From: Joe Jackson <>
Date: Wed Oct 29 23:30:00 2003


Again, the bottom line for us is that we are a democracy. And again, it
is possible for someone who has not had much face time in the school to
get elected. Fairhaven's last two hires did not do an internship, one
of them was working hourly at Barnes & Noble when he ran, the other has
an acupuncture practice.

So for us, with our current system, there is no economic factor at all.
Of course Fairhaven's hiring situation can change if the students and
staff decide an intern program would improve the school. Increasing
economic diversity would likely not be a factor in that decision since
the school is incredibly economically diverse.
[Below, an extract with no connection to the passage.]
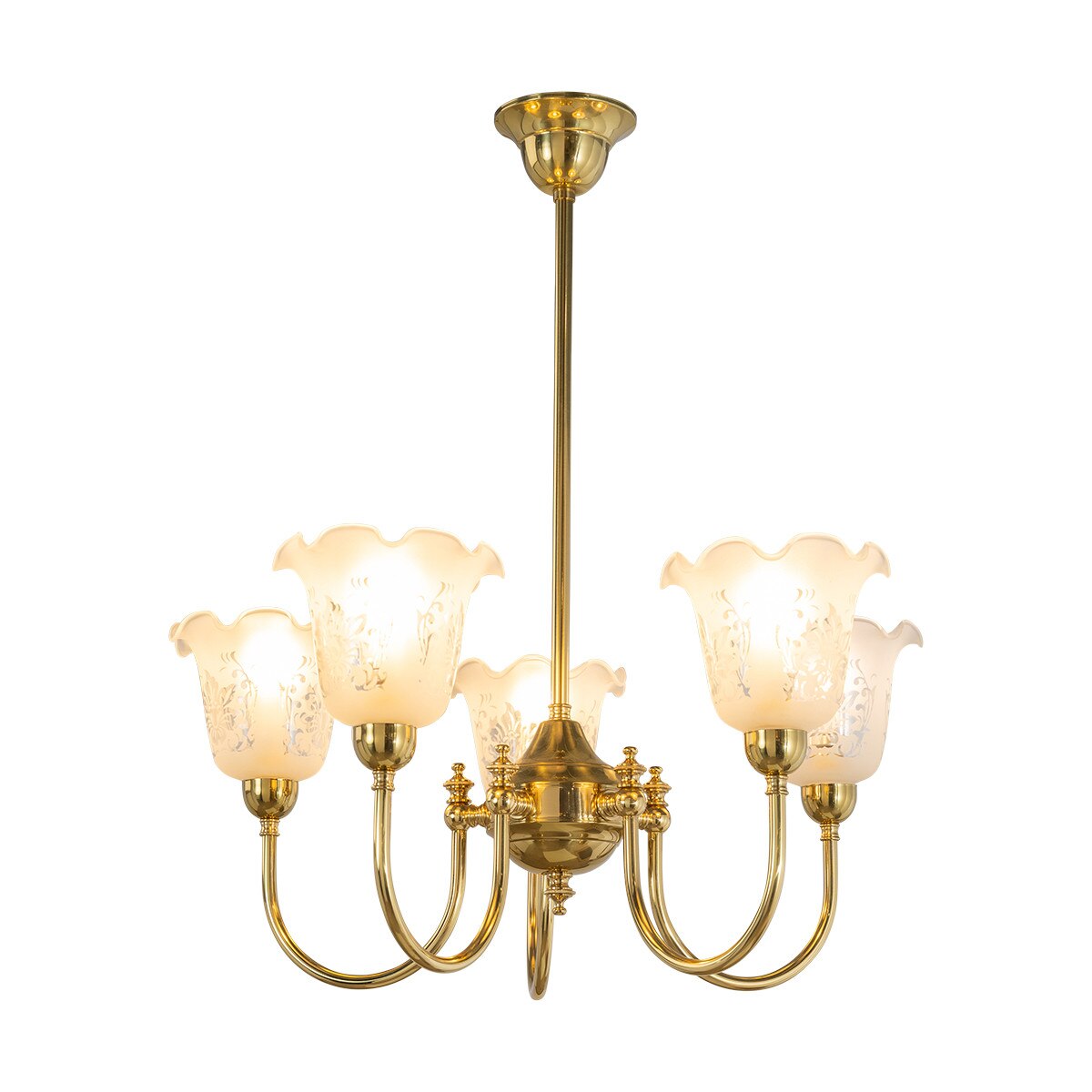Luke 5 Light Pendant Light with Shades Arms Up Polished Brass & Frost Etched - 3090405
Some schools require an internship, just as public schools that mandate
accredited teachers require an internship (aka student teaching). One
could certainly interpret that the training standards of public and
private schools are economic barriers to teaching. Of course any
profession requires training, and any training could be construed as an
economic obstacle.

I can certainly understand the frustration of someone who probably feels
like their student teaching should have satisfied the need for OTJ
training, but as I pointed out earlier, so much of university education
programs is irrelevent (or even detrimental) to the personal skills of
effective staffing in a Sudbury environment.